One of my earliest memories in the kitchen is shaping khalkha with my grandmother. She would make a batch of buttery, yeasted dough, flecked with nigella seeds, and we would shape them together. She stuck with the traditional khalkha shapes, while I would treat the dough almost like Play-Doh and make letters, faces, etc.
Khalkha is actually a crispy, savory cookie that is Turkish in origin. The word khalkha actually means "ring," as in a ring shape, not a piece of jewelry. While its name refers to a round, ring-like shape, many people prefer to create twisted khalkhas instead. The shape makes little difference to the overall enjoyment of these buttery, rich snacks.
When I was growing up, not only were these khalkhas common treats in our home, but they became part of a breakfast ritual that still reminds me of my late grandmother any time I partake in this practice.
My grandmother, or dadeek as I called her, would make a mug of Lipton tea, add a touch of sugar and a fresh squeeze of lemon, and then break up some khalkhas into large pieces and add them to the tea.
Then she would fish out the bites of tea-soaked khalkha with a spoon (at first they still retain some of their texture, and later are much softer and falling apart). Wash it all down with the remnants of the tea (a bit polluted now with nigella seeds and wet khalkha crumbs), and it was one of the most comforting "breakfasts" from my childhood!
Khalkha can be time consuming to make, mainly because of the step of shaping them. Honestly, you can easily just cut them into short breadstick-shapes and call it a day, but I think it's worth a little extra effort.

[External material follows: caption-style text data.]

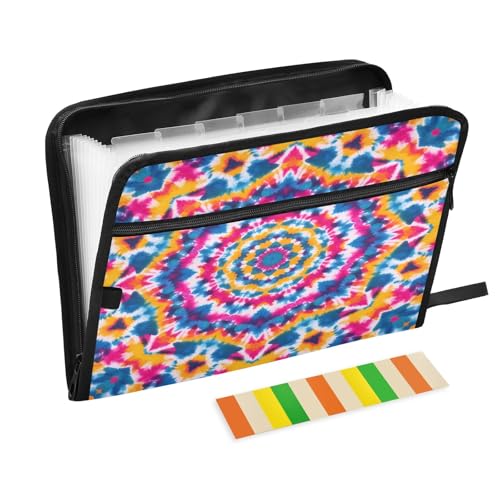 Batik-Mandala, blau, rot, gelb, 13 Fächer, Fächermappe mit Etiketten, A4, Dokumenten-Organizer mit Reißverschluss von Nexawaveo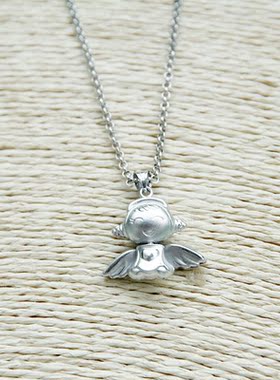 925银3D磨砂天使福星宝宝吊坠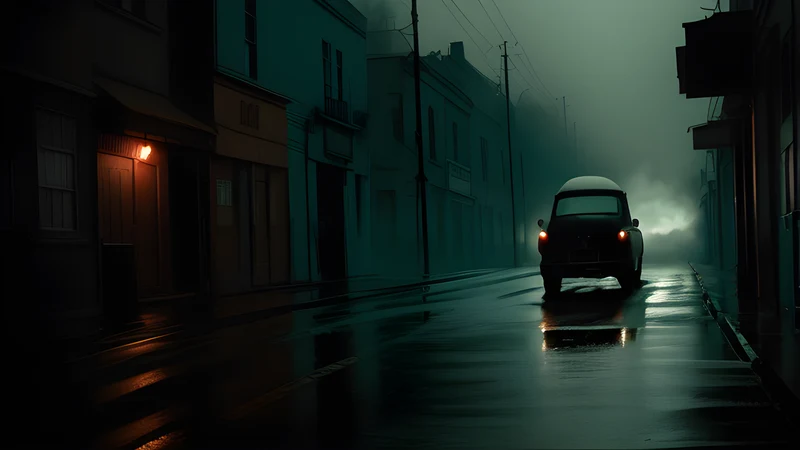A rain-lit empty street at night with an abandoned painter's easel standing in it, teal and amber poster style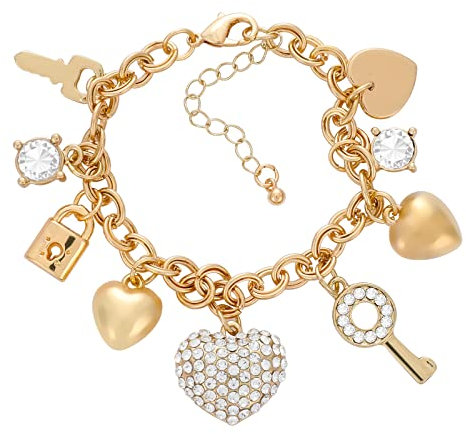 ASTER Musical Charm Bracelet Gold Chain Link Bracelet - 7+ 2Extender 14K Gold Plated Love Locked Bracelets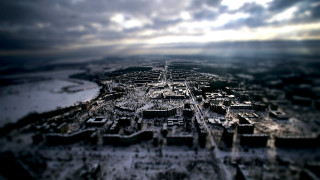 City view high altitude plane - tilt shift free wallpaper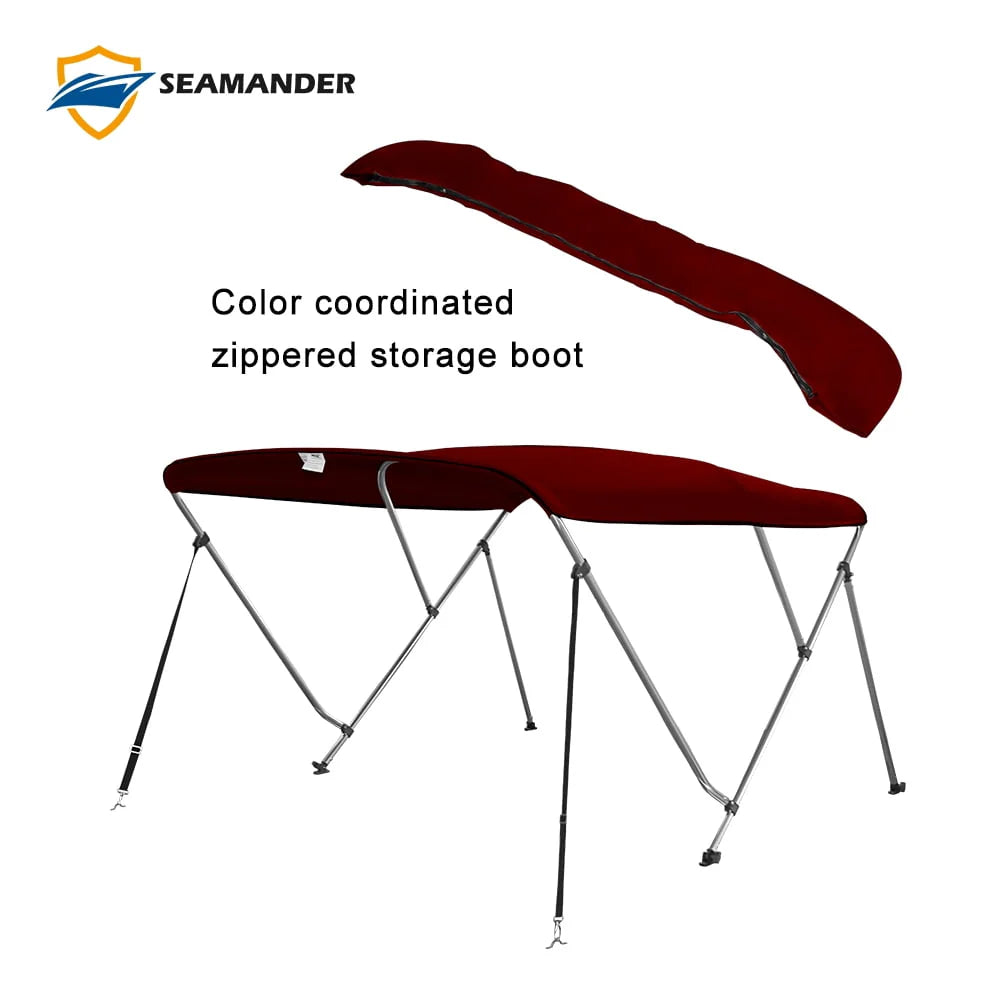 Seamander 3 Bow Bimini Top Boat Cover with Rear Support Pole and Storage Boot, Burgundy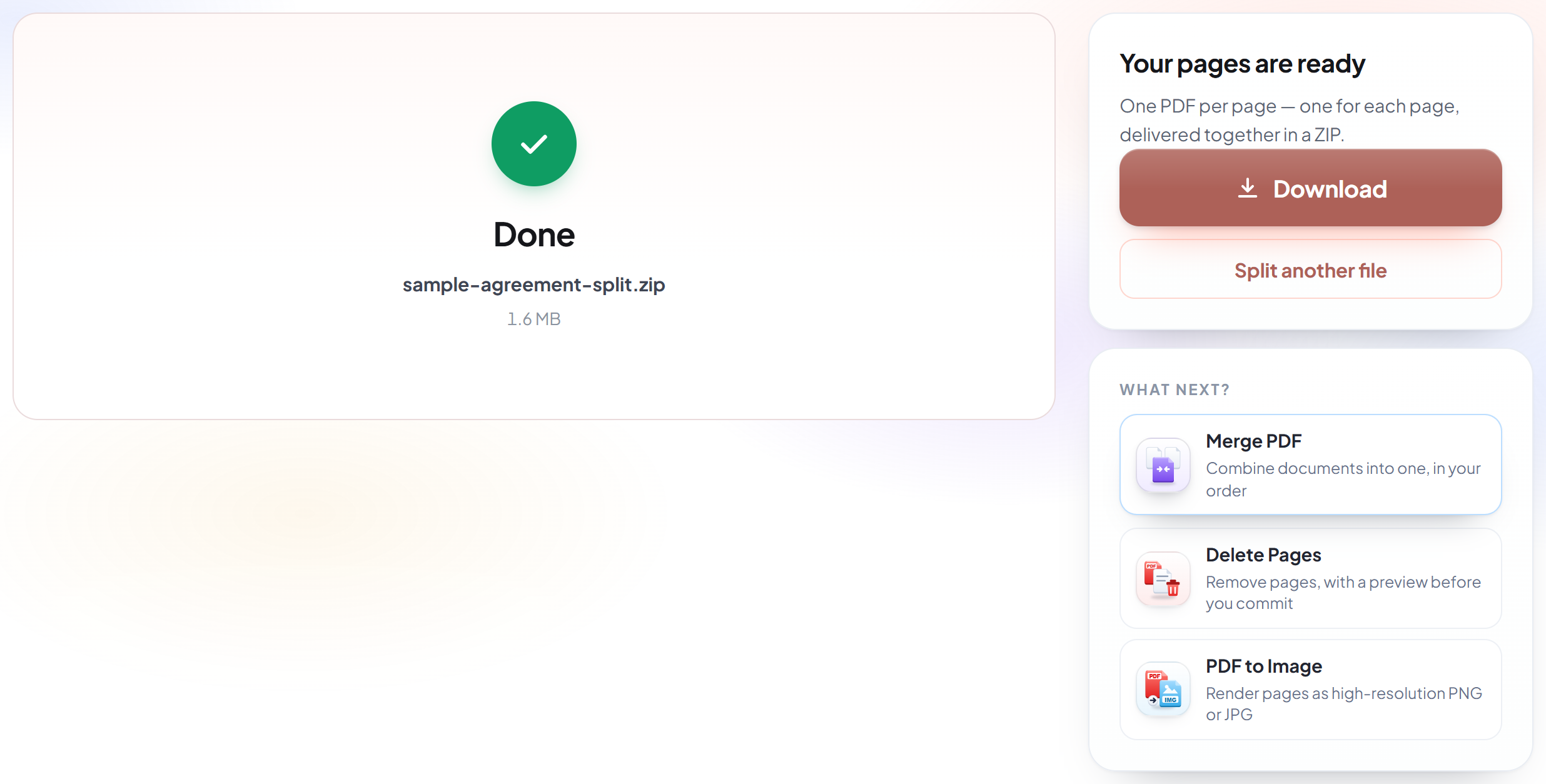 The Split PDF screen with the finished files ready to download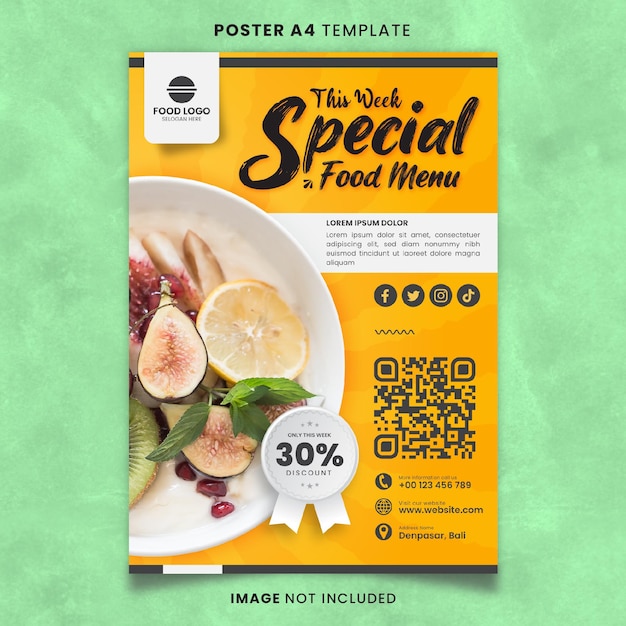 Yellow New Food Menu and Restaurant Poster or Banner Template Ready to Print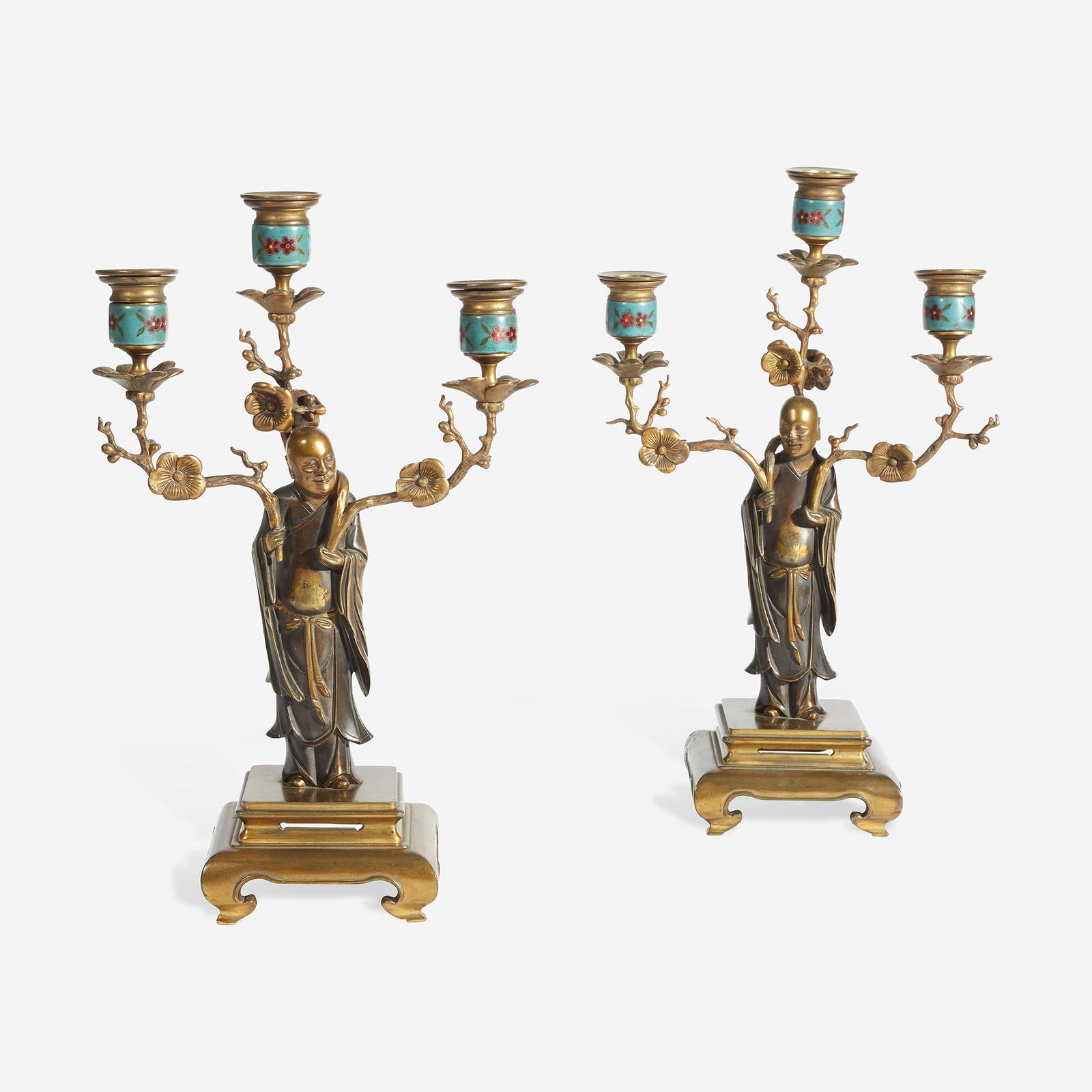 A Pair of French Enameled and Gilt Metal Figural (1 of 1)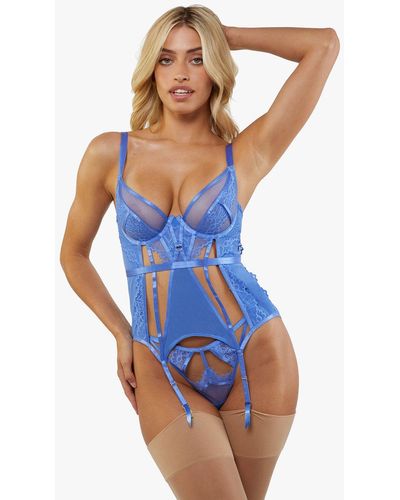 Wolf & Whistle Claire Caged Lace Basque - Blue
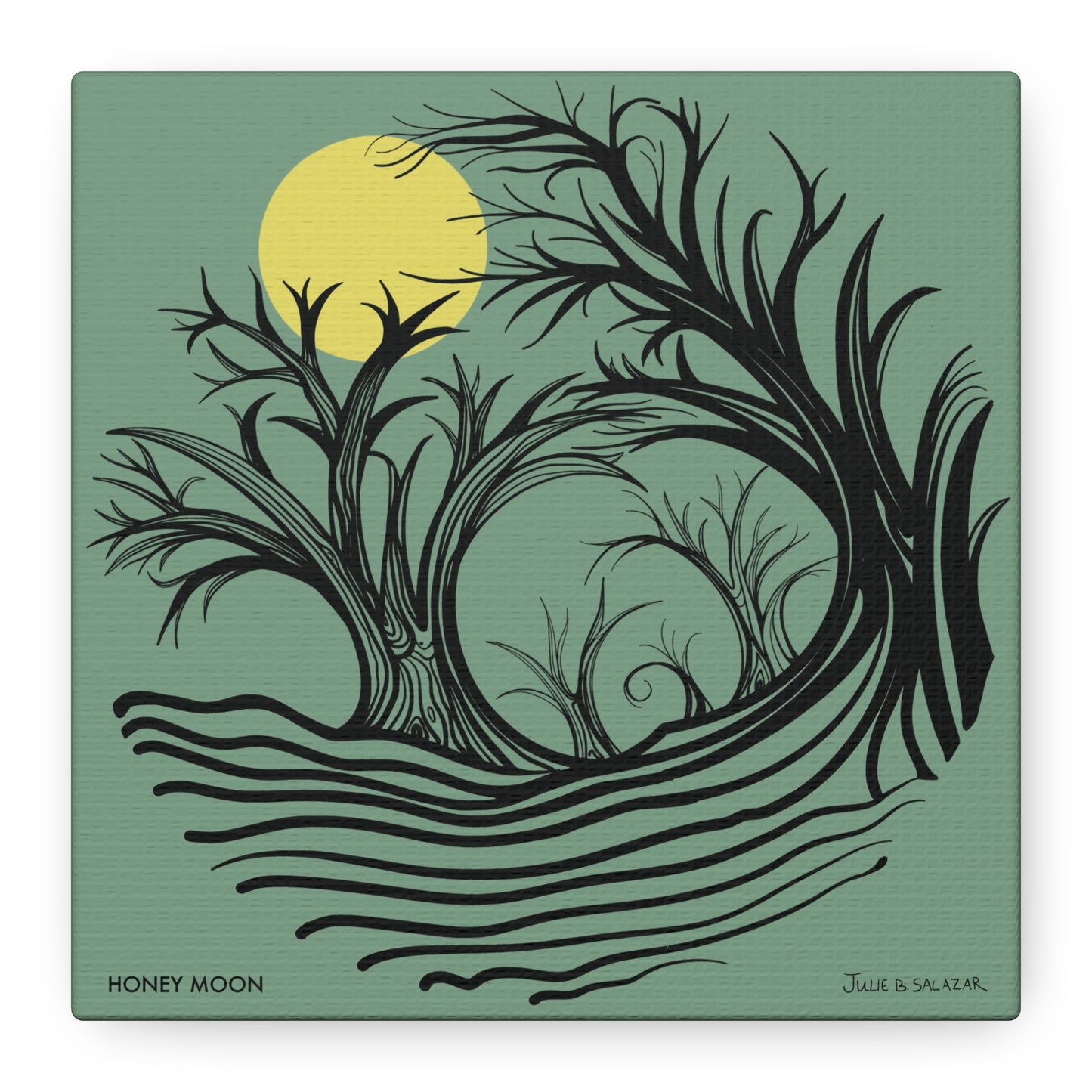 “Honey Moon”, IMAGINE™ Series, Hand-Drawn Art Print, Wall Art Collection, Stretched Canvas , 6 x 6 inches, 20 x 20 inches, 36 x 36 inches, plus 7 More Sizes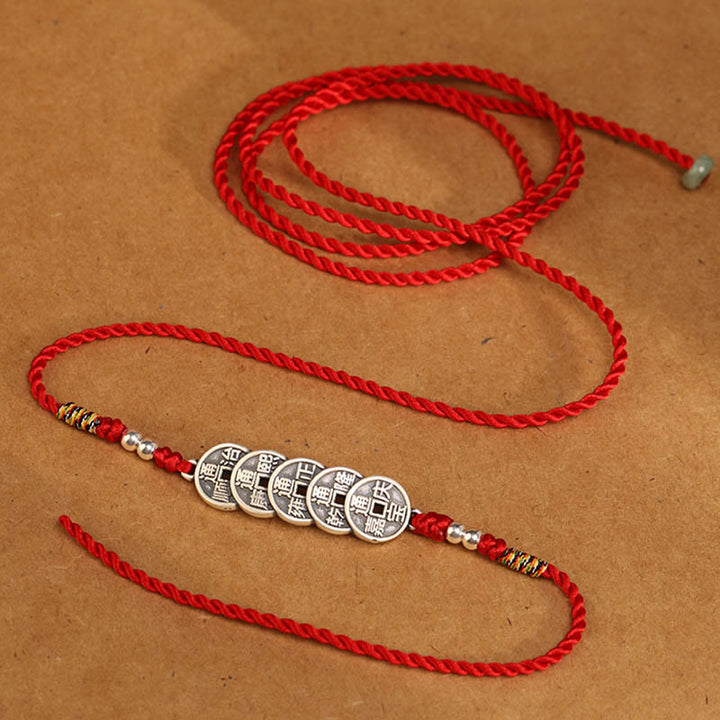 Cadena para el vientre con hilo rojo y bendición de plata de ley 999 con Buddha Stones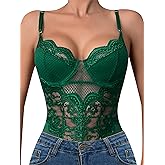 popiv Women One Piece Lingerie Lace Body Suits Teddy Corset Tops Underwire Bodysuit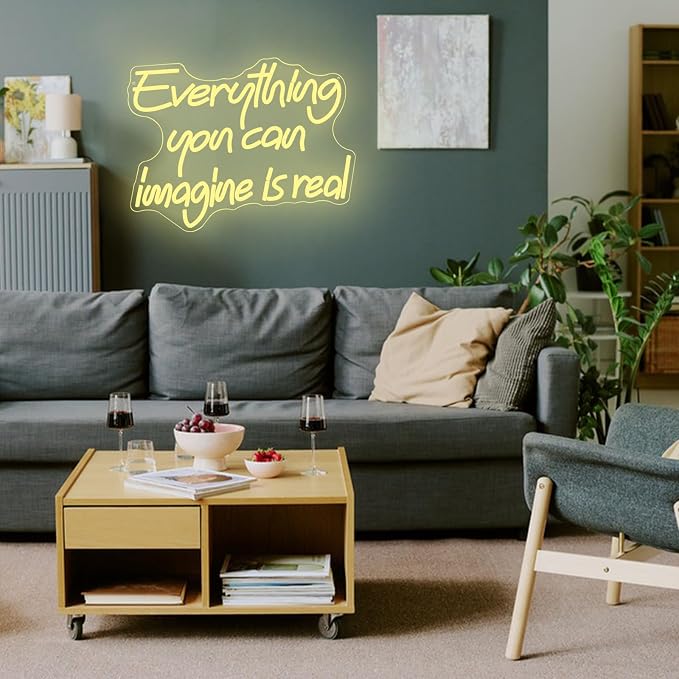 Everything You Can Imagine Is Real Neon Sign USB Powered Motivational Words Neon Light Inspirational LED Light Sign for Wall Decor Classroom Home Shop Office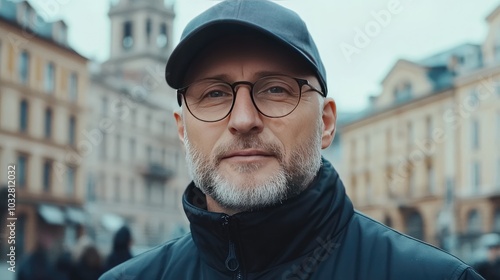 An elderly man with a white beard and glasses gazes at the camera while standing on a vibrant street filled with trees and vehicles, surrounded by the charm of the city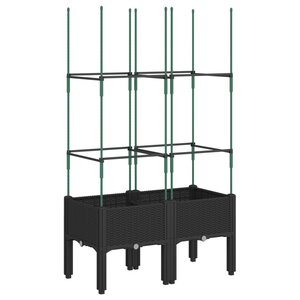 vidaXL Jardinière avec treillis noir 80x40x142 5 cm PP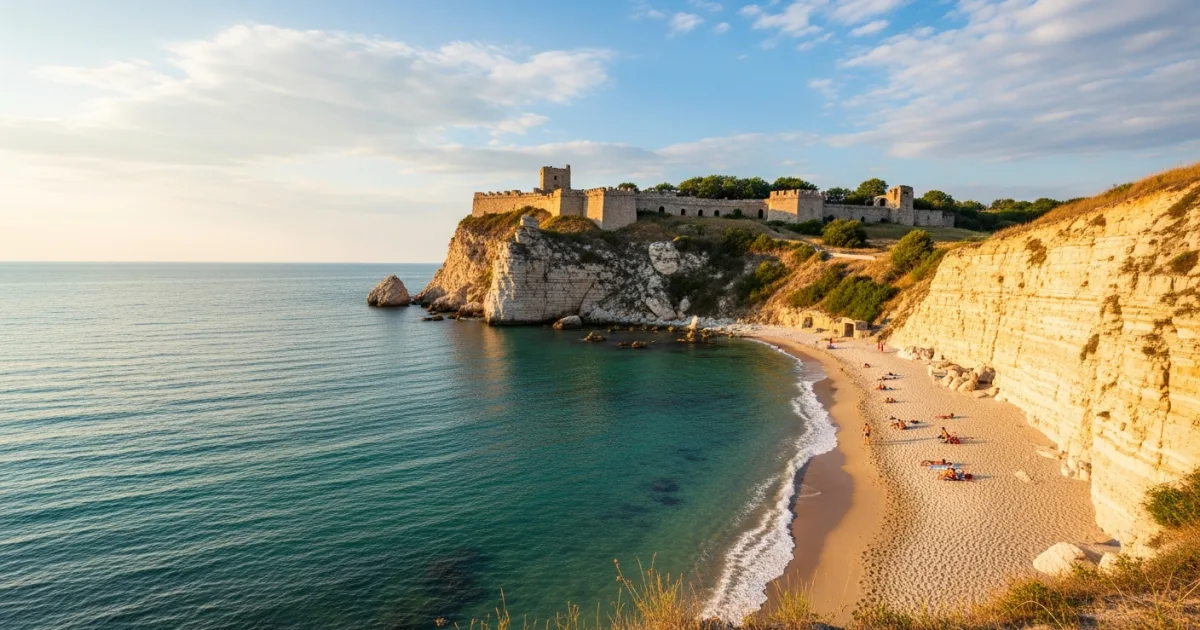 Panoramic view of Byala, Bulgaria, with white cliffs, beach, and ancient fortress at sunset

Even though this is a yeasted-dough, that's not very daunting, and the proofing time isn't excessive.
Whether you enjoy these crisp khalkhas with your morning tea or as an afternoon snack, they are decadent and satisfying. It's also impossible to eat just one! Just beware, they are far from fat-free, but worth a bit of indulgence if you ask me :)
Makes about 7 dozen
1 1/2 cups warm water
2 teaspoons dry active yeast
1 tablespoon nigella seeds
2 teaspoons kosher salt
8 ounces (2 sticks) unsalted butter, melted
1/3 cup vegetable oil
6 cups all-purpose flour
1 egg, beaten
Mix the warm water and yeast in a small bowl and allow the yeast to bloom for about 10 minutes until softened and dissolved.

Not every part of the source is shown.